A rtistas e produtores culturais encontram-se apreensivos com a iniciativa do Ministério da Cultura em substituir a Lei Rouanet – que permite a renúncia fiscal para patrocínio em projetos culturais – pelo projeto de lei de iniciativa do governo instituindo o Programa de Fomento e Incentivo à Cultura (Profic).
A preocupação tem sua razão. No Brasil, o empresariado não tem tradição de incentivo à cultura e foram necessários 15 anos de vigência da Lei Rouanet para impulsão dessa prática, muito tímida ainda. Por certo, a Lei Rouanet necessita de aperfeiçoamentos, mas a sua substituição integral na forma sugerida pelo Ministério da Cultura poderá significar um retrocesso e um desestímulo às poucas empresas que aportam recursos na produção cultural, e inoportuna migração desses recursos para o esporte ou para o setor audiovisual, segmentos detentores de incentivos muito mais atraentes financeiramente.

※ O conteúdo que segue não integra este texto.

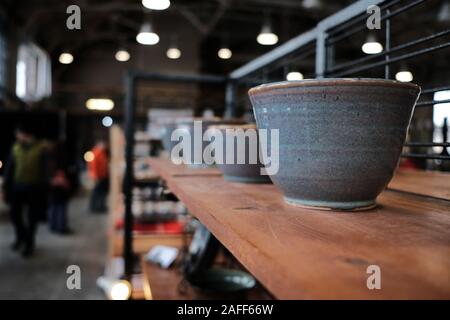 Shelf of plain stone coloured bowls at the Ottawa Potters Guild annual Holiday Sale, Horticulture Building, Lansdowne Park, Ottawa, Ontario, Canada. Stock Photo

Sabe-se que a lei, para legítima incorporação ao ordenamento, deve atender aos requisitos de constitucionalidade. No caso, a análise do anteprojeto originado no Ministério da Cultura evidencia diversas imperfeições, algumas que remetem a proposta ao negativo universo de insegurança jurídica.
Ao estabelecer critérios subjetivos para avaliação de projetos culturais, especialmente ao determinar o requisito preconceituoso de “alta relevância cultural”; manter indefinição quanto à composição da Comissão Nacional de Incentivo à Cultura (CNIC), responsável pela avaliação dos projetos culturais a serem incentivados; aumentar os recursos do Fundo Nacional de Cultura (FNC), sem definir os critérios de sua distribuição; e remeter diversas matérias à posterior regulamentação pelo próprio ministério, o anteprojeto descortina sua aura de insegurança e ilegalidade, expondo sua fragilidade constitucional. São vários os artigos do anteprojeto que remetem sua regulamentação exclusivamente à administração pública, o que revela o propósito do Ministério da Cultura e do poder público de manipulação dos critérios de avaliação dos projetos culturais e as verbas do Fundo Nacional de Cultura, sendo, portanto, pertinente a preocupação do setor quanto à real possibilidade de se concretizar o que a classe artística vem chamando de “dirigismo cultural”. Ademais, o anteprojeto avança em imprópria alteração da Lei de Direitos Autorais (Lei 9.610/98), ao dispor em seu artigo 49 que todas as obras desenvolvidas a partir de incentivo fiscal poderão ser, de forma livre e discricionária, utilizadas pelo poder público, o que, além de trazer o Estado para concorrer com os produtores culturais na distribuição e comercialização das obras intelectuais, legitimando a hipótese de um uso livre inexistente na legislação especial, e em total afronta à norma da Constituição da República, que em seu artigo 5º, XXVIII, assegura ao criador o direito exclusivo de dispor sobre a sua criação. Ao prevalecer um dispositivo dessa natureza, haverá um aumento no valor das licenças das obras intelectuais e uma retração dos criadores, que não saberão o real desdobramento da utilização de suas obras nos projetos culturais. Ademais, certamente os patrocinadores ficarão receosos em disponibilizar recursos em projetos culturais, cujo retorno ficará prejudicado não só pela concorrência do Estado, como também pelo risco de uso político e eleitoreiro das obras criadas.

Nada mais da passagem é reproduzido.